Start off the adventure in Edinburgh, Scotland’s capital. This city boasts numerous titles, including the world’s first city of literature, the original seat of enlightenment and the Athens of the North. Transport-wise, getting to and from the airport is easy with its horde of taxis, speedy bus shuttle, tram and car rental spot. For sake of ease and soaking up the best parts of Scotland, rent a car upon arrival.
Spend the first day with a walk up and down the Royal Mile, taking in the Castle, secret closes, St Giles’ Cathedral, the Parliament Building, Arthur’s Seat and the Palace; all are in close proximity of one another, making it easy to pick and choose which you would like to explore the most. The National Museum of Scotland and Scottish National Gallery are both free — fantastic for a speedy-tour of Scotland’s history, arts heritage and culture. Victoria St hosts rows of colourful independent shops and leads into the historic Grassmarket area.
After a mouth-watering breakfast and coffee — think Saint Giles Cafe, Burr & Co and Söderberg — make way for the Princes St Gardens and admire the Castle as it towers over its city. Within the gardens is the Scott Monument, the largest monument ever to a writer — those unfazed with heights can climb all 287 steps and brag about the view. Next, wander down to Dean Village, a stunning area graced with the flowing Water of Leith, quaint cobblestones and curious old houses with a milling heritage. Next, get a taxi to Leith, a vibrant place with the best restaurants in town — The Kitchin, Restaurant Martin Wishart, Fishers etc. — and hit up the necklace of traditional homey pubs. End the night with a trip to The Stand Comedy Club for Fringe-style laughs.

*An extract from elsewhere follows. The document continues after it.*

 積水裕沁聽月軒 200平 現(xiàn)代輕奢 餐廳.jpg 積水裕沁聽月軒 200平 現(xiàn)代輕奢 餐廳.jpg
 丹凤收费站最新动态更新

Glasgow! Graced with stunning architecture and more art than you can ever imagine, Glasgow is both Scotland’s largest and musical city. Either embark on a brief train journey from Edinburgh Waverley or take the car. Upon arrival, head to see the City Chambers in all its glory with its cascading Carrera marble staircase and gold-leafed everything.

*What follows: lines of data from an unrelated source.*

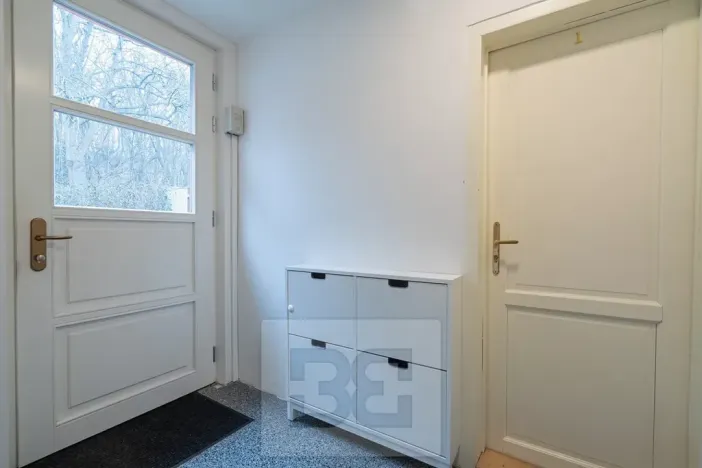 Pronájem bytu 2+kk, Praha - Hloubětín, Hostavická, 35 m2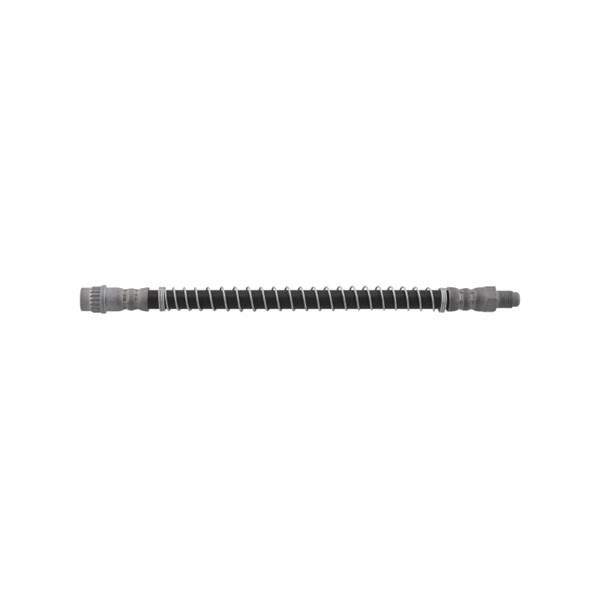 TOPRAN Bremseslange, Bakaksel, Høyre bakaksel, Venstre bakaksel, Ved bre - fiat, nissan, opel, renault, vauxhall - OE 44 12 727, 44 18 515, 4621 300 QAC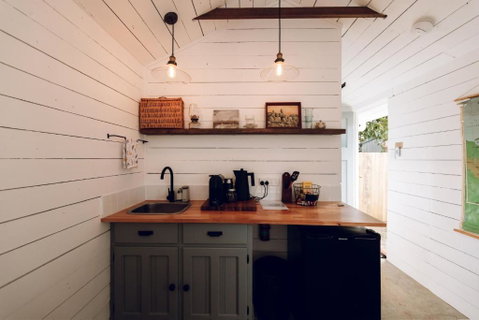 Pelham Cottage, Kondalilla Falls - Tweed Heads Accommodation 1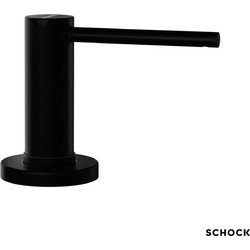 ΔΙΑΝΟΜΕΑΣ ΥΓΡΟΥ ΣΑΠΟΥΝΙΟΥ 500ml (629169) SCHOCK PURO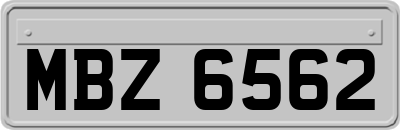 MBZ6562
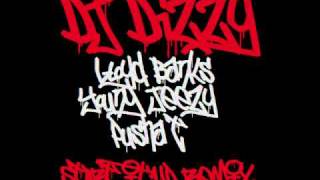 Lloyd Banks Ft Young Jeezy &amp; Pusha T - Start It Up (DJ Dizzy Remix)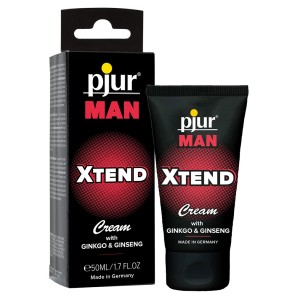 Pjur Man Extend Cream Stimulation Cream 50 Ml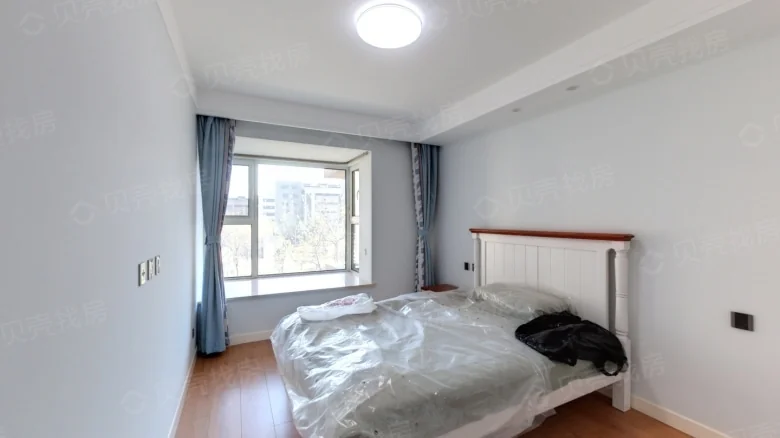 Shangjing Xinshijie Park - View 5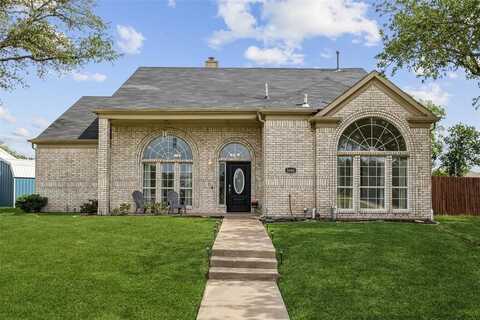 3606 Martha Lane, Rowlett, TX 75088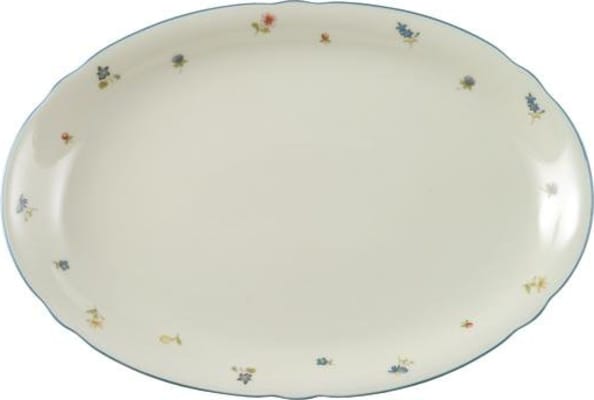 Seltmann Marie Luise fat oval 35cm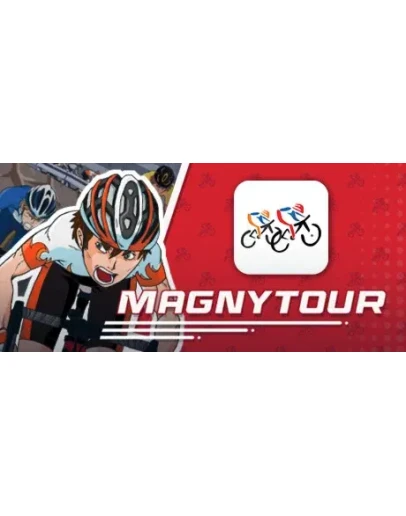 Magnytour АВТОДОСТАВКА STEAM GIFT РОССИЯ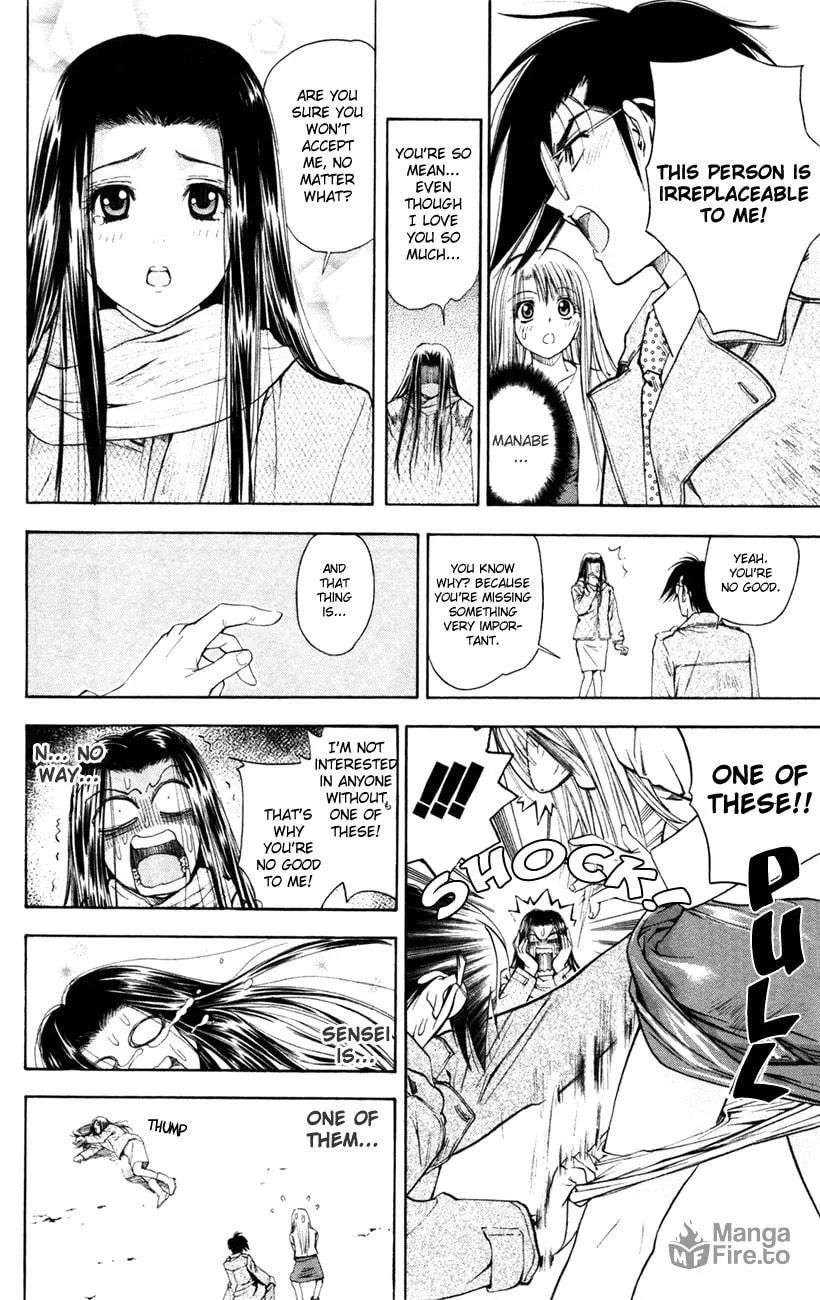 Read Pretty Face chapter 40 image 17 on Lezhin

Other highlights in the area include GoMA, the Style Mile (the best shopping spot in Scotland) and The Lighthouse (the first public commission of Charles Rennie Mackintosh and home to spellbinding views). Atmospheric and delicious, The Willow Tearooms is a must for afternoon tea and lust-worthy designs. End the evening with a wander down Ashton Lane, one of the prettiest streets awash with fairy lights. Pop in to the watering dens and enjoy a memorable meal at the Ubiquitous Chip, a culinary icon with its contemporary Scottish dishes, leafy decor and first-class drinks selections.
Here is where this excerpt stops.